Completed a new $750 million bank credit facility, which was one of the largest all-bank financing transactions ever completed by a full-service restaurant company. The refinancing simplified and extended debt maturities and increased the Company’s financial flexibility. The Company remains well within the limits of its financial covenants.

 

16


Director Qualifications:

 

   

Leadership Experience—President and Chief Executive Officer of the Company; served as Chief Executive Officer of Books-A-Million

 

   

Financial Experience—served as Chief Financial Officer of the Company; served as Chief Financial Officer of Books-A-Million and as Vice President, Corporate Finance of SunTrust Securities, Inc.

 

   

Industry Experience—various leadership positions at the Company since 2009

Robert V. Dale, age 75, first became one of our directors in 1986. Since 1998, Mr. Dale has provided business consulting services to companies in the food products and pet food industries. Mr. Dale was President of Windy Hill Pet Food Company from March 1995 until its sale in July 1998; Partner in PFB Partnership from August 1994 to March 1995; and President of Martha White Foods, Inc. from October 1985 to August 1994. Mr. Dale has been a director of Genesco, Inc. (NYSE: GCO) since June 2000 and also serves as a director of Nashville Wire Products, Inc., a privately owned supplier of wire products.

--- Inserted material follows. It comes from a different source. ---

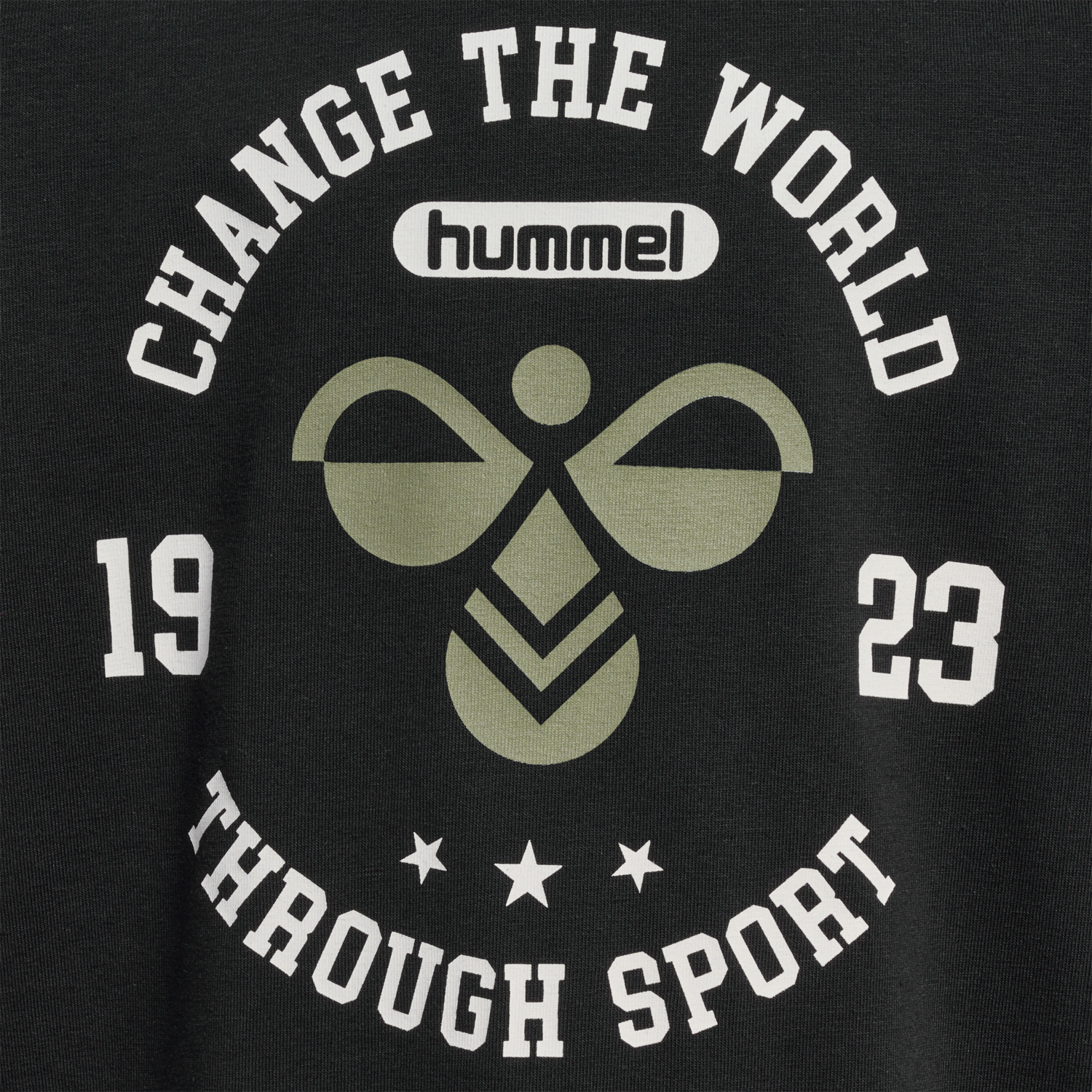 hmlKALLE T-SHIRT L/S, 2001, packshot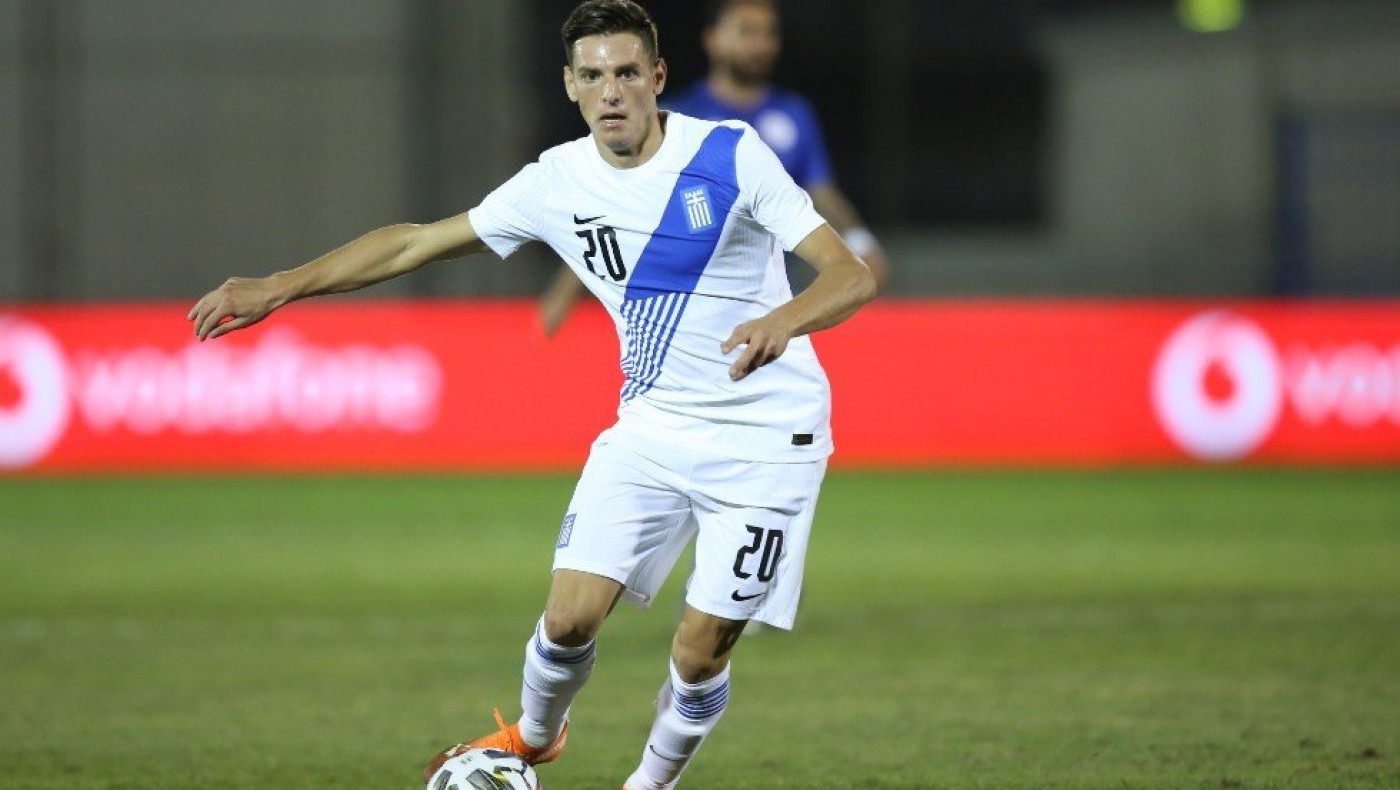 Κλήθηκε εσπευσμένα στην Εθνική ο Χατζηγιοβάνης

Mr. Dale serves as our Lead Independent Director.

 

   

Leadership Experience—former President of Windy Hill Pet Food Company; former President of Martha White Foods, Inc.; former President of Beatrice Specialty Products division and a Vice President of Beatrice Companies, Inc., the owner of Martha White Foods; member of the boards of directors of Genesco, Inc. and Nashville Wire Products, Inc.

 

   

Financial Experience—serves as a member of the Audit Committee of our Board of Directors and as a member of the Audit Committee of the board of directors of Genesco, Inc.

 

   

Industry Experience—former President of Martha White Foods, Inc.; director of Genesco, Inc.; former President of Windy Hill Pet Food Company; former President of Beatrice Specialty Products division and a Vice President of Beatrice Companies, Inc., the owner of Martha White Foods

Richard J. Dobkin, age 66, first became one of our directors in 2005. Mr. Dobkin was the Managing Partner of the Tampa, Florida office of Ernst & Young, LLP, an independent registered public accounting firm, from 1987 until his retirement in June 2005. From October 2009 until September 2010, Mr. Dobkin served as member of the board of directors of the PBSJ Corporation, which provides planning, design, and construction management services in the U.S. and abroad. Mr. Dobkin has served, since 2008, on the board of directors of Blue Pearl Veterinary Partners, a private company which owns and operates specialty and emergency veterinary hospitals in nine states.

Director Qualifications:

 

   

Leadership Experience—served as Managing Partner of the Tampa, Florida office of Ernst & Young, LLP; member of the board of directors of Blue Pearl Veterinary Partners; former member of the board of directors of PBSJ Corporation

 

   

Financial Experience—served as Managing Partner of the Tampa, Florida office of Ernst & Young, LLP; Chairman of the Audit Committee of our Board of Directors; serves as a member of Blue Pearl Veterinary Partners Audit Committee; served as a certified public accountant for 41 years

Charles E. Jones, Jr., age 66, first became one of our directors in 1981. Mr. Jones founded Corporate Communications, Inc., an investor/shareholder communications and public relations firm, in 1975 where he has served as Chairman and Chief Executive Officer since 1975. Prior to founding Corporate Communication, Inc., Mr. Jones served as the Director of Research and a financial analyst at J.C. Bradford & Co. an investment banking firm for eight years.

Director Qualifications:

 

   

Leadership Experience—Founder, Chairman, and Chief Executive Officer of Corporate Communications, Inc.

 

   

Financial Experience—former Director of Research and financial analyst at J.C. Bradford & Co.; chartered financial analyst (C.F.A.)